A questo proposito, come non ha mancato di sottolineare Felipe Munoz, senior analyst di JATO Dynamics, va detto anche che ci sono differenze significative anche per le auto prodotte in Cina e vendute anche in Europa: una Polestar 4 da noi costa 69.300 euro contro l’equivalente di 52.190 euro sotto la Grande Muraglia, la MG4 che in patria costa 18.245 euro qui è a 30.960 euro, la BYD Atto 3 passa 21.380 a 37.990 euro e una Cupra Tavascan da 32.614 a 54.990 euro. Alla base di queste differenze, oltre ai fattori già citati, ci sono anche politiche diverse sui profitti, in particolare da parte dei marchi cinesi che in questo momento possono permettersi margini elevati pur mantenendo un’elevata competitività.
C’è poi il fattore economie di scala: il 51% degli 11 milioni di BEV vendute nel mondo (contro i 9,8 milioni del 2023) sono cinesi contro il 22% delle americane, il 18% europee mentre il 3,3% sono giapponesi e il 4,6% coreane. Per la cronaca nel 2019, quando 11 milioni di elettriche (su un totale di 85 milioni), apparivano un traguardo impossibile, sono state 1,4 milioni le elettriche vendute nel mondo, 2,1 nel 2020, 4,4 nel 2021 e 7,4 nel 2022 dunque la crescita è stata rispettivamente del 50% e del 110% nel 2020 e 2021 dopo di ché si è scesi al 68% nel 2022, al 32% nel 2023 e al 12% lo scorso anno. Se dunque in Italia la penetrazione delle BEV del 4% contro il 13% nel mondo è un caso, è oggettivo che l’elettrico sta rallentando e deve cambiare passo.

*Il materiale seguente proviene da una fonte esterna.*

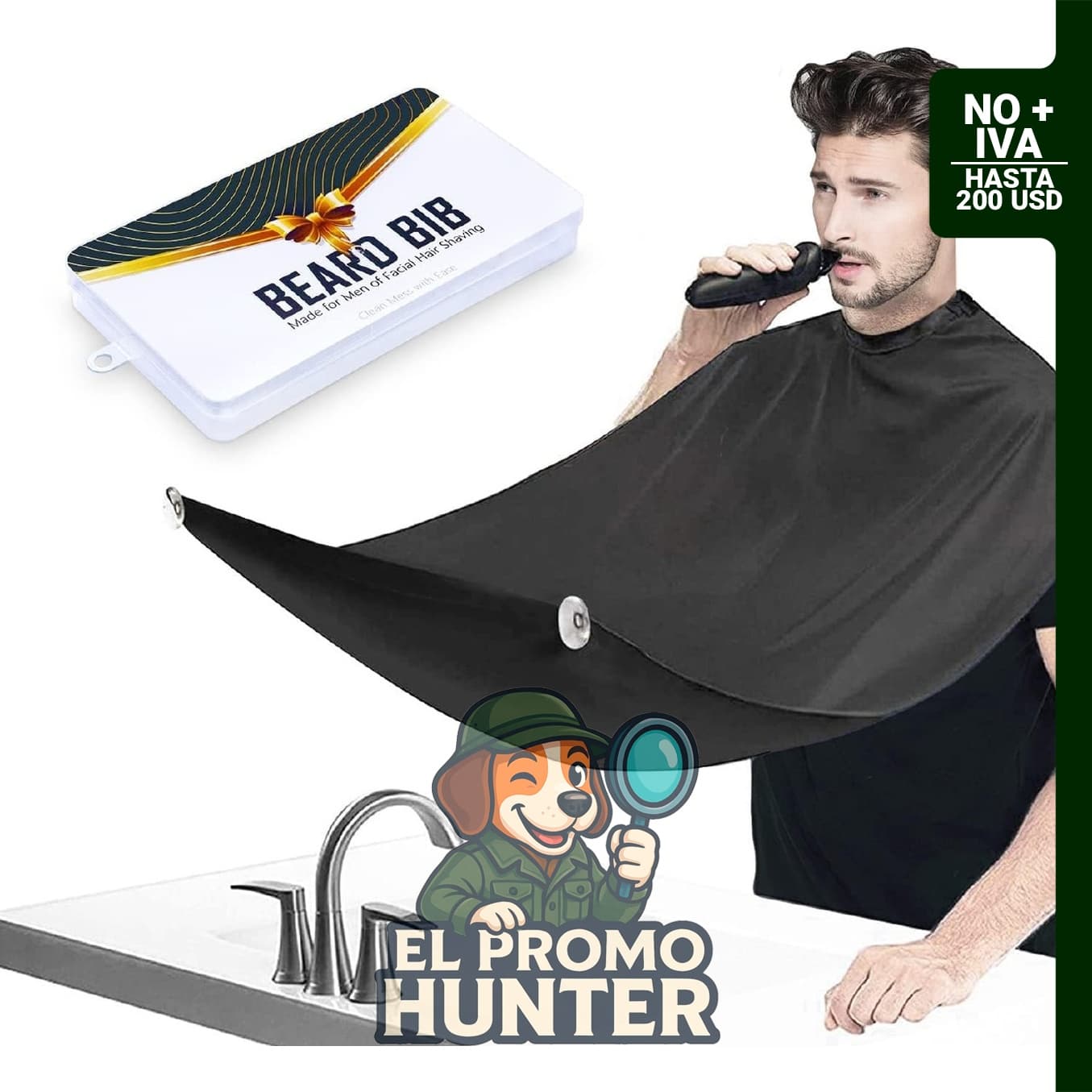 Leaflai Beard Bib Apron, capa para recortar barba, impermeable y antiadherente.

Il prezzo e l’arrivo di modelli di dimensioni compatte sono sicuramente elementi fondamentali, soprattutto in Italia dove metà del mercato è fatto dai segmenti A, B e B-Suv. Ma qual è il prezzo gusto che il cliente è disposto a spendere per passare all’auto ad emissioni zero? Al momento una elettrica di segmento B costa in media poco più di 35mila euro, una si segmento A poco di più di 29mila euro. Jato Dynamics prevede che nel 2025 il prezzo giusto potrà essere di 27mila euro con una differenza massima rispetto alle vetture con motore a scoppio del 30%, spingendo l’elettrico al 5% del mercato. Nel 2026 si potrebbe scenderà a 24mila euro con un gap verso le auto a pistoni del 18% e una quota di mercato dell’8%.
Alessandro Lago, direttore di Motor1 e InsideEVs, ha affermato che «la varietà di offerta è la linfa del mercato» e che nel 2025, l’auto elettrica potrebbe beneficiare di condizioni favorevoli «ma resta il rischio che i pregiudizi, alimentati dal dibattito pubblico, rallentino la sua diffusione». Gianmarco Giorda, direttore generale di ANFIA, ha detto che «in Italia il 20% circa delle aziende della componentistica ha già investito nella produzione di componenti per veicoli elettrici. Occorre però lavorare per salvaguardare e accrescere la competitività della nostra filiera in un dominio tecnologico in cui, ad oggi, l’UE non è il player più forte».
Per Andrea Cardinali, direttore generale di UNRAE servono «un piano di sostegno alla domanda pluriennale, almeno fino al 2027, la revisione del regime fiscale delle auto aziendali, con interventi su detraibilità dell’IVA e deducibilità dei costi, da parametrare in base alle emissioni di CO2 e una politica mirata per lo sviluppo capillare di infrastrutture di ricarica elettrica». Per Francesco Naso, segretario generale di Motus-E «sui segmenti più alti di mercato la parità di prezzo con l’endotermico è a portata di mano, la forbice si sta chiudendo anche sui modelli di massa. L’auspicio è che questo trend venga accompagnato da politiche di supporto stabili, anche sulle flotte aziendali, e da azioni a costo zero che valorizzino l’impegno degli operatori della ricarica».